Example Python usage:

```python
from promptwright import DataEngine, EngineArguments, TopicTree, TopicTreeArguments

tree = TopicTree(
    args=TopicTreeArguments(
        root_prompt="Creative Writing Prompts",
        model_system_prompt=system_prompt,
        tree_degree=5,
        tree_depth=4,
        temperature=0.9,
        model_name="ollama/llama3"
    )
)

engine = DataEngine(
    args=EngineArguments(
        instructions="Generate creative writing prompts and example responses.",
        system_prompt="You are a creative writing instructor providing writing prompts and example responses.",
        model_name="ollama/llama3",
        temperature=0.9,
        max_retries=2,
        sys_msg=True,  # Include system message in dataset (default: true)
    )
)
```

### Development

The project uses Poetry for dependency management. Here are some common development commands:

```bash
# Install dependencies including development dependencies
make install

# Format code
make format

# Run linting
make lint

# Run tests
make test

# Run security checks
make security

# Build the package
make build

# Run all checks and build
make all
```

### Prompt Output Examples

With sys_msg=true (default):
```json
{
  "messages": [
    {
      "role": "system",
      "content": "You are tasked with designing an immersive virtual reality experience that transports users to a fantastical world of wonder."
    },
    {
      "role": "user",
      "content": "Create a descriptive passage about a character discovering their hidden talents."
    },
    {
      "role": "assistant",
      "content": "As she stared at the canvas, Emma's fingers hovered above the paintbrushes, as if hesitant to unleash the colors that had been locked within her. The strokes began with bold abandon, swirling blues and greens merging into a mesmerizing dance of light and shadow. With each passing moment, she felt herself becoming the art – her very essence seeping onto the canvas like watercolors in a spring storm. The world around her melted away, leaving only the vibrant symphony of color and creation."
    }
  ]
}
```

With sys_msg=false:
```json
{
  "messages": [
    {
      "role": "user",
      "content": "Create a descriptive passage about a character discovering their hidden talents."
    },
    {
      "role": "assistant",
      "content": "As she stared at the canvas, Emma's fingers hovered above the paintbrushes, as if hesitant to unleash the colors that had been locked within her. The strokes began with bold abandon, swirling blues and greens merging into a mesmerizing dance of light and shadow. With each passing moment, she felt herself becoming the art – her very essence seeping onto the canvas like watercolors in a spring storm. The world around her melted away, leaving only the vibrant symphony of color and creation."
    }
  ]
}
```

## Model Compatibility

The library should work with most LLM models. It has been tested with the
following models so far:

- **Mistral**
- **LLaMA3**
- **Qwen2.5**

## Unpredictable Behavior

The library is designed to generate synthetic data based on the prompts and instructions
provided. The quality of the generated data is dependent on the quality of the prompts
and the model used. The library does not guarantee the quality of the generated data.

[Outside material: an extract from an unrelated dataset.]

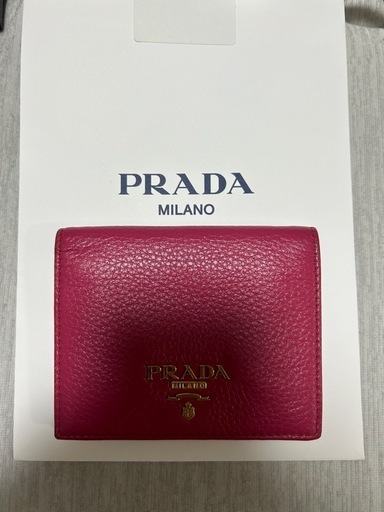PRADA   二つ折り財布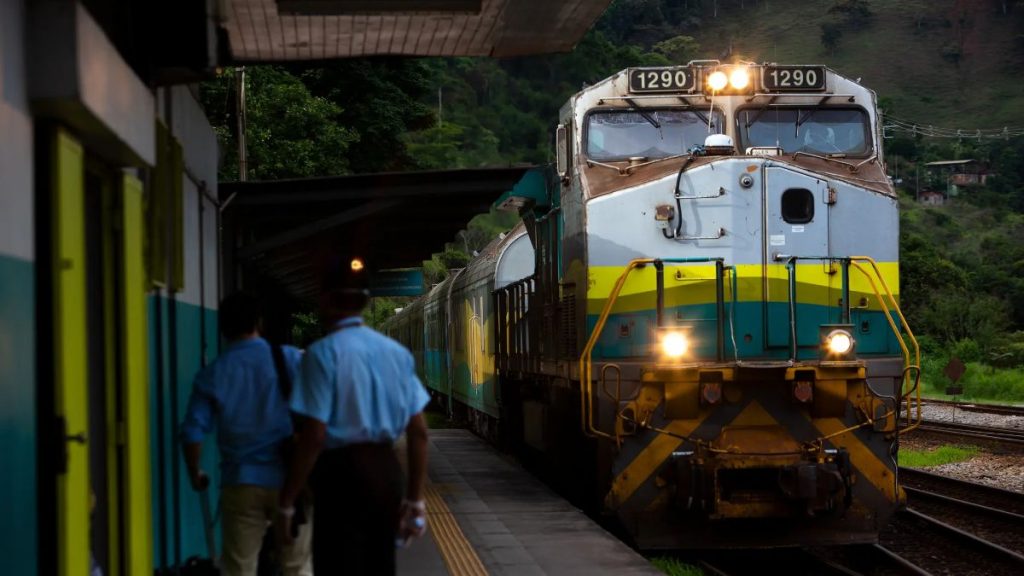 trem de passageiros vale viagens minas gerais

Large Language Models can sometimes generate unpredictable or inappropriate
content and the authors of this library are not responsible for the content
generated by the models. We recommend reviewing the generated data before using it
in any production environment.

Large Language Models also have the potential to fail to stick with the behavior
defined by the prompt around JSON formatting, and may generate invalid JSON. This
is a known issue with the underlying model and not the library. We handle these
errors by retrying the generation process and filtering out invalid JSON. The 
failure rate is low, but it can happen. We report on each failure within a final
summary.

## Contributing

If something here could be improved, please open an issue or submit a pull request.

### License

This project is licensed under the Apache 2 License. See the `LICENSE` file for more details.